Tourism is one of the great drivers of economic growth worldwide. According to the U.S. Travel Association, the average international tourist in the United States spends $4,300, and those tourist dollars directly support 1.2 million jobs. Tourism is also a big growth sector in sub-Saharan Africa. Contributing 94.3 billion dollars to the region’s economy in 2012, travel and tourism as a part of the region’s GDP is expected to increase by 5.1 percent over the next 10 years through much needed economic expansion and job creation. If managed with foresight and attention, travel and tourism will promote wildlife conservation, local handicraft skills, and cultural preservation.
When discussing Zimbabwe, most Americans equate the word ‘tourism’ first and foremost with one thing: Victoria Falls. The Falls, which form part of the border between Zimbabwe and Zambia, will be under the spotlight in August when the two nations host the 20th United Nations World Tourism Organization (UN WTO) General Assembly meeting. One of the seven wonders of the natural world, a UNESCO World Heritage site, and on many 'bucket lists,' Victoria Falls is breathtaking. Over 2.22 million international tourists are expected in Zimbabwe next year, most at least stopping a day at Victoria Falls; one third will likely be American.

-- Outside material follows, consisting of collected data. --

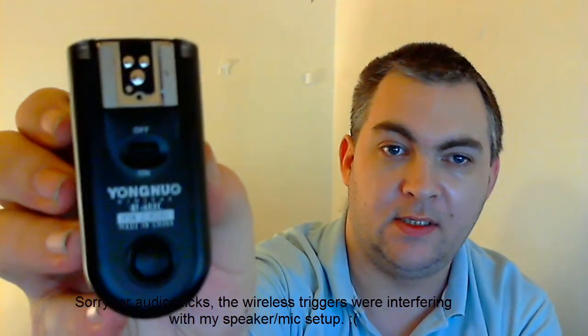Hey guys, in this video this is my review on the Yongnuo Wireless Trigger Receivers RF603C, which is these here.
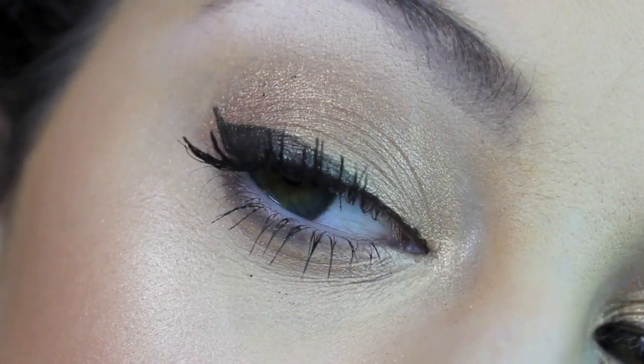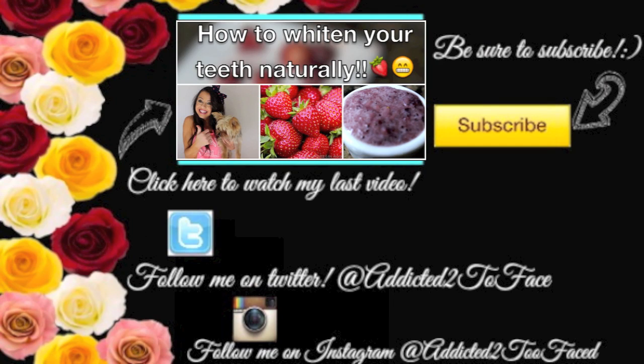Anyways, here's the final eyes, lips, and cheeks — I absolutely love it. I really hope that you guys enjoyed this video. Thank you so much for watching, I love you guys millions. Be sure to click here to watch my last video on how to whiten your teeth naturally. And also be sure to subscribe if you have not already, because I upload new videos every single Saturday. Love you guys millions!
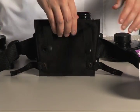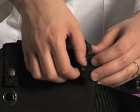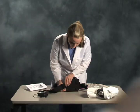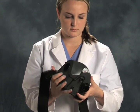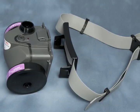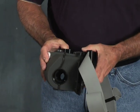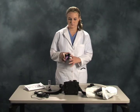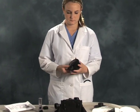To ready the blower for use, integrate the blower to the waist belt. In addition to the fabric belt, a Quick-Lock belt is also available which simplifies blower attachment and eases belt cleaning. Next, attach the HEPA cartridges by removing the filter plugs and then threading them into the blower.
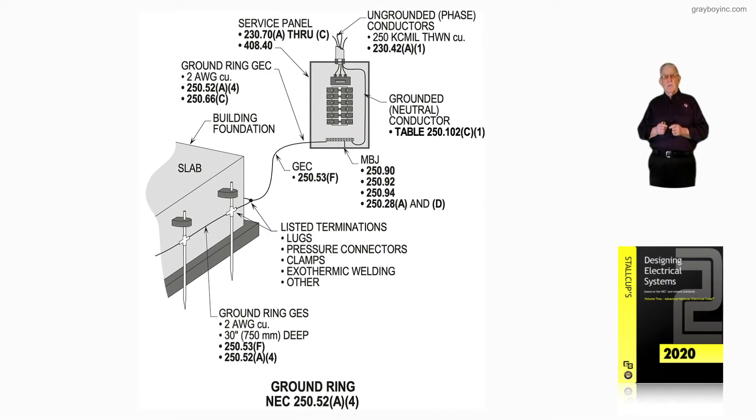Now, this illustration deals with a ground ring in accordance with 250.52A4, and it doesn't have to be any larger than number 2, so it's number 2 or whatever is designed by the designer of the ground ring. What is it used for? Is it part of the grounding electrode system per 250.50, or is it a ground ring for lightning protection in accordance with Article 780, which 250.60 and 250.106 of the code references NFPA 780 for lightning protection?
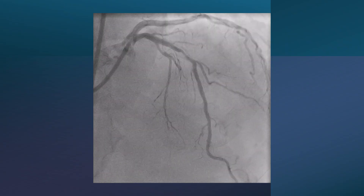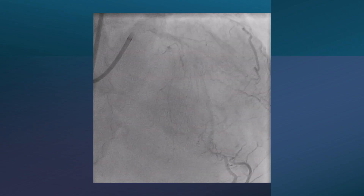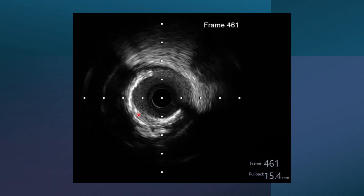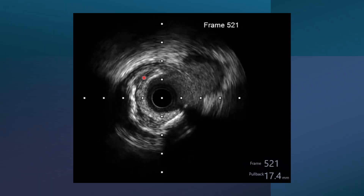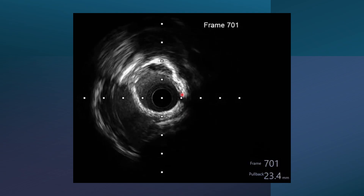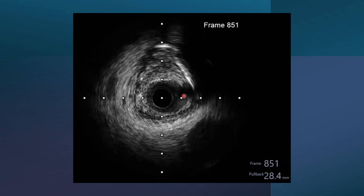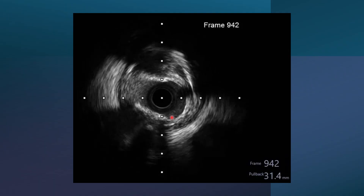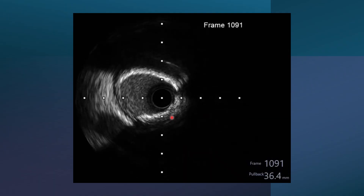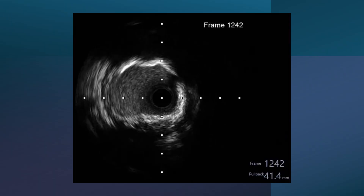Going back to the first case — an 86-year-old man with this calcification — we performed intravascular imaging. This is the pullback from distal to mid. We can see two arcs of calcium that coalesce to become more than 270 degrees. Then in the mid part, there is around 360 degrees of calcification. Here we can also see soft plaque and some calcification proximal to the lesion. Pulling back further, the artery is diseased and calcified, but it has a large minimal luminal area.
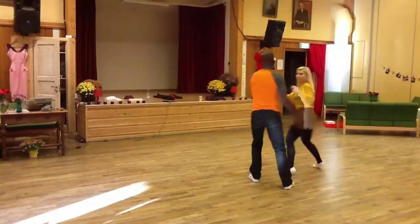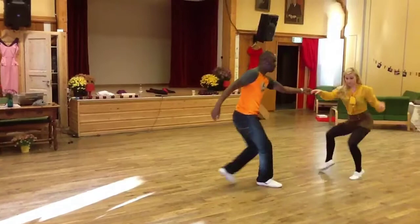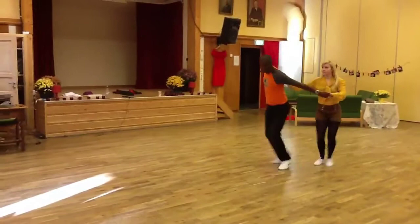Then we did a Texas Tommy into the catapult, bringing it together and creating a stretch over the head.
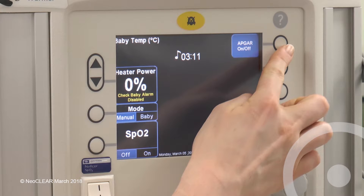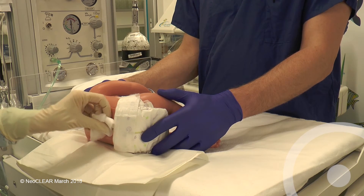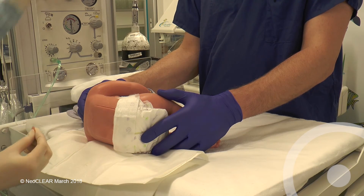Note the time of the end of the procedure once the needle is withdrawn if the first attempt has been successful, or continue timing until the end of the second attempt if required. Ensure no CSF or blood is leaking and apply a spot plaster or spray-on dressing.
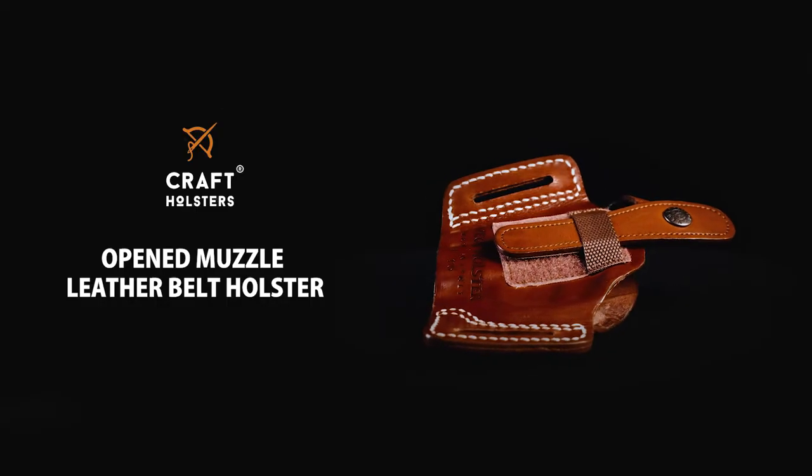Hi, this is Luke from Kraft Holsters. Today I want to talk to you about our open muzzle leather belt holster.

With American tourist visits on an upward trend, the U.S. ambassadors to Zimbabwe and Zambia, Bruce Wharton and Mark Storella, strapped on bike helmets last month to check out firsthand the opportunities and growth potential of tourism on both sides of this iconic landmark. The diplomats’ delegation of cyclists included young leaders active on social media and Youth Ambassadors, who posted updates on Twitter and Facebook during the bike ride. On the Zambian side, Miss USA 2012 Nana Meriwether also jumped on a bicycle for a day of activities, including leading a volleyball clinic for girls at a Livingstone school.

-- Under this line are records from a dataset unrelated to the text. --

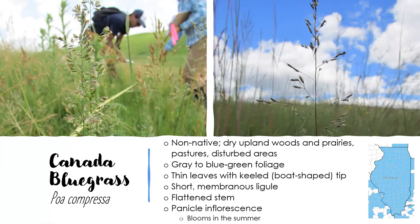Next is Canada bluegrass, also non-native, and it has basically all of the same characteristics as Kentucky bluegrass. The way I tell them apart is Canada bluegrass has a flattened stem — so if you tried to roll the stem between your fingers, it would just go side to side and wouldn't smoothly roll. Everything else is the same: short membranous ligule, boat-shaped tip, and panicle inflorescence.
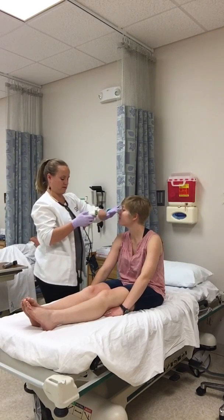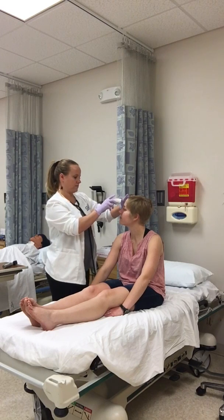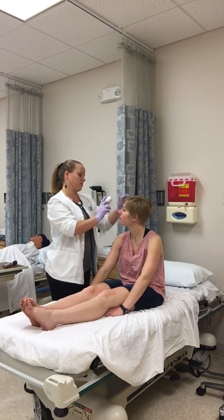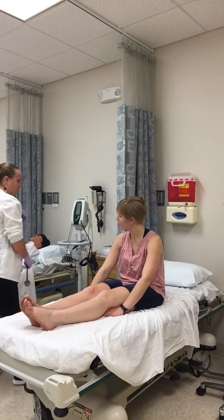I'm going to get your temperature. It's 98.3.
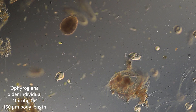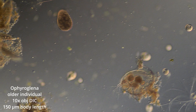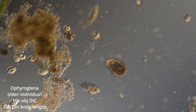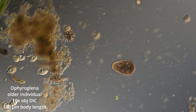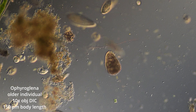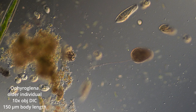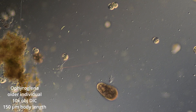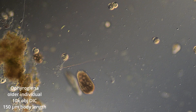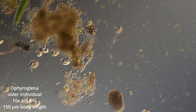Hi, here we have Ophira Glena, shown here using a 10-power DIC objective. The body length is about 150 microns. This one appears to be in late-stage development, where they seek out a darker environment, become brownish in color, and they're stuffed with food vacuoles.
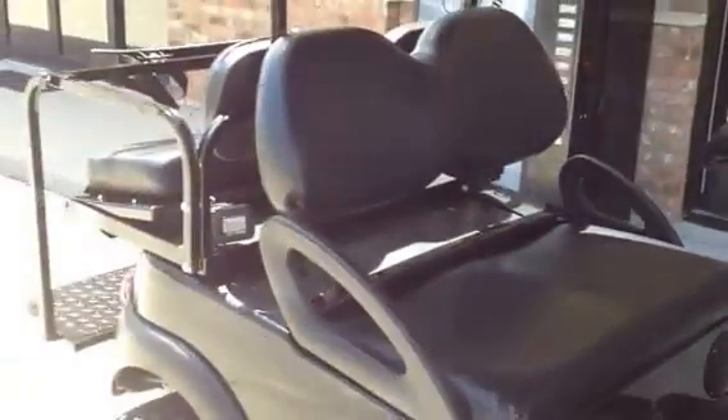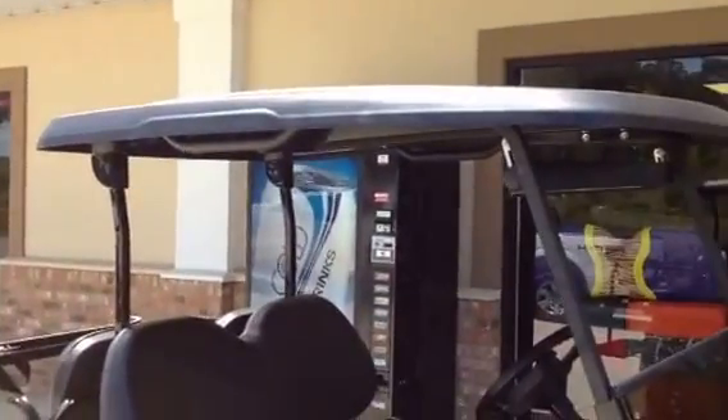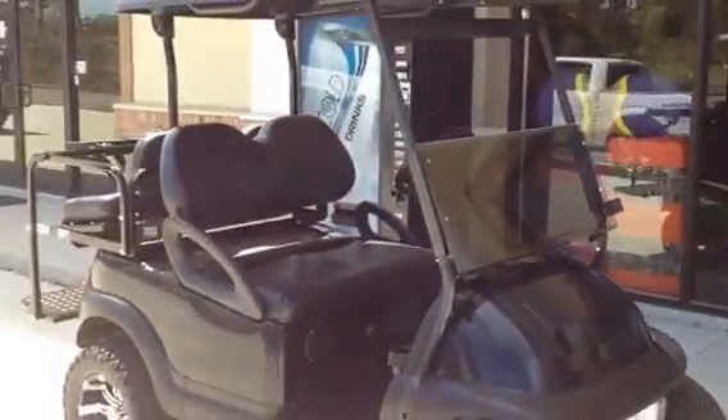Digital battery meter, brand new recovered black seats with a black OEM top, black through and through, with a brand new tinted windshield. This is David at Golf Coast Golf Carts. Thank you.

The ambassadors' 'Bike Across Borders' trip to the sister cities of Victoria Falls, Zimbabwe and Livingstone, Zambia included stops along the way to see U.S. government projects, national parks, and local chiefs. One of the ambassadors' key messages was the importance of an improved business climate to attract private investment. The Ambassadors cycled through the border crossing, learned about anti-poaching efforts, and toured the Livingstone Museum -- all activities that promote education and sustainable livelihoods through tourism.